Collected data
# # # # # # #
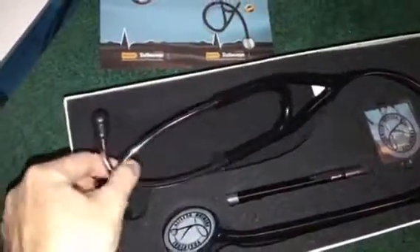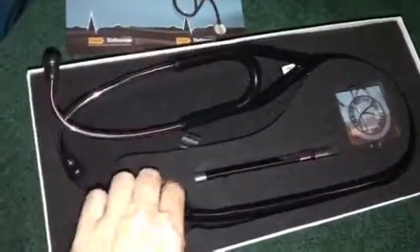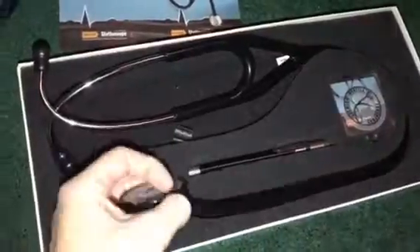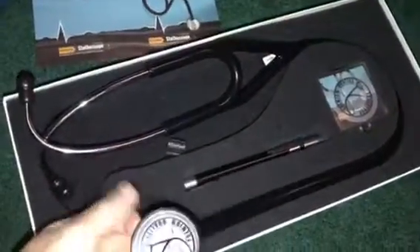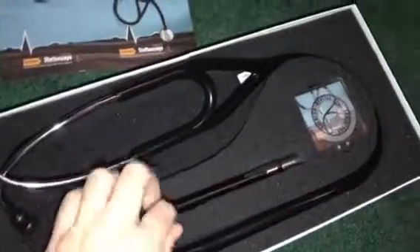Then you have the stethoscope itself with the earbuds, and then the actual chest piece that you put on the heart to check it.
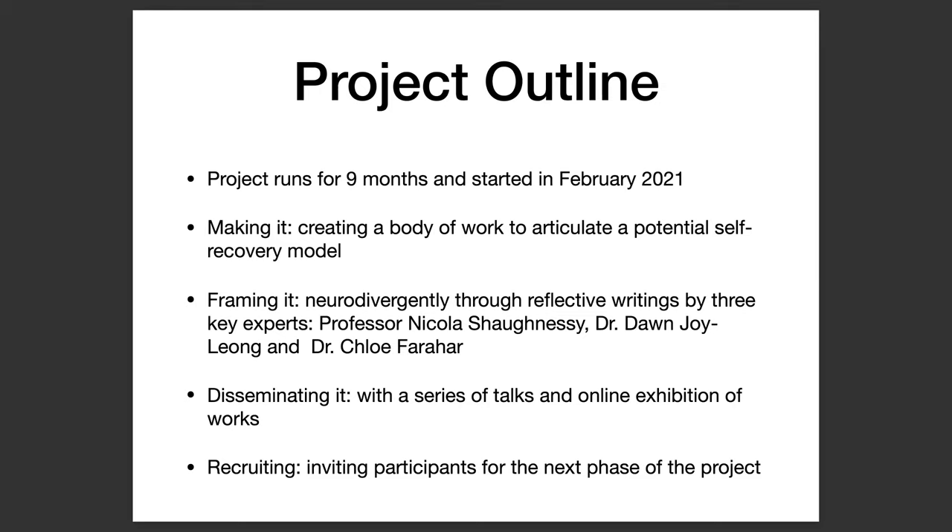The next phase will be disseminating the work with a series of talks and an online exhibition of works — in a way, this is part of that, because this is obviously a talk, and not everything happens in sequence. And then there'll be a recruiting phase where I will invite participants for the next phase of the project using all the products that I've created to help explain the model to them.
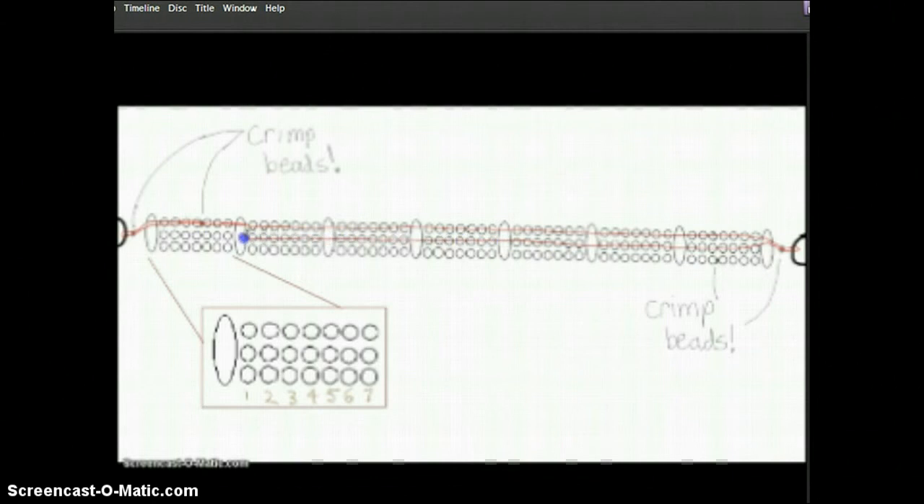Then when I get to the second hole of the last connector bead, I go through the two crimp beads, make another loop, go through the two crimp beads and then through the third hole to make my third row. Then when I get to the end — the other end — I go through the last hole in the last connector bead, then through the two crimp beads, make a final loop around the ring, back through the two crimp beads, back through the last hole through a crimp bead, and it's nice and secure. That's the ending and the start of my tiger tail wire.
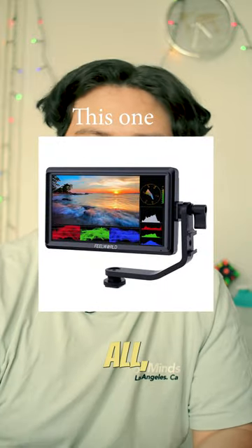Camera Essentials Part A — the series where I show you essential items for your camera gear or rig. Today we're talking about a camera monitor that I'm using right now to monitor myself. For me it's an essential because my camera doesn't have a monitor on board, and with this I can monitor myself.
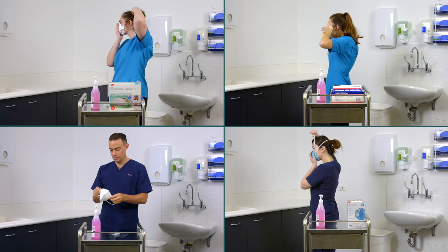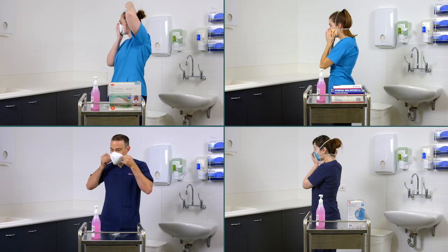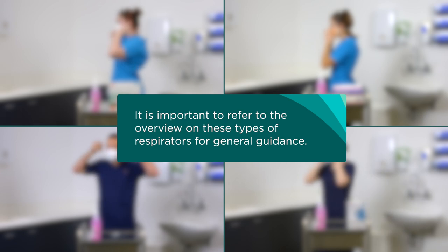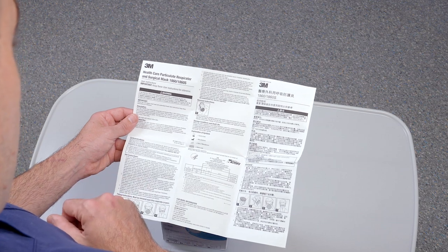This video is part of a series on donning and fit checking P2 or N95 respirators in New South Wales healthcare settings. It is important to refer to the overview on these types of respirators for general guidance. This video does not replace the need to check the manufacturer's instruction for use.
# # # # # # #
§ **EXERCISE PROMPT**: Write out all the entries word for word, but skip any images.

§ **OUTPUT FOR THIS TASK**:
Then you have the stethoscope itself with the earbuds, and then the actual chest piece that you put on the heart to check it.
The next phase will be disseminating the work with a series of talks and an online exhibition of works — in a way, this is part of that, because this is obviously a talk, and not everything happens in sequence. And then there'll be a recruiting phase where I will invite participants for the next phase of the project using all the products that I've created to help explain the model to them.
Then when I get to the second hole of the last connector bead, I go through the two crimp beads, make another loop, go through the two crimp beads and then through the third hole to make my third row. Then when I get to the end — the other end — I go through the last hole in the last connector bead, then through the two crimp beads, make a final loop around the ring, back through the two crimp beads, back through the last hole through a crimp bead, and it's nice and secure. That's the ending and the start of my tiger tail wire.
Camera Essentials Part A — the series where I show you essential items for your camera gear or rig. Today we're talking about a camera monitor that I'm using right now to monitor myself. For me it's an essential because my camera doesn't have a monitor on board, and with this I can monitor myself.
This video is part of a series on donning and fit checking P2 or N95 respirators in New South Wales healthcare settings. It is important to refer to the overview on these types of respirators for general guidance. This video does not replace the need to check the manufacturer's instruction for use.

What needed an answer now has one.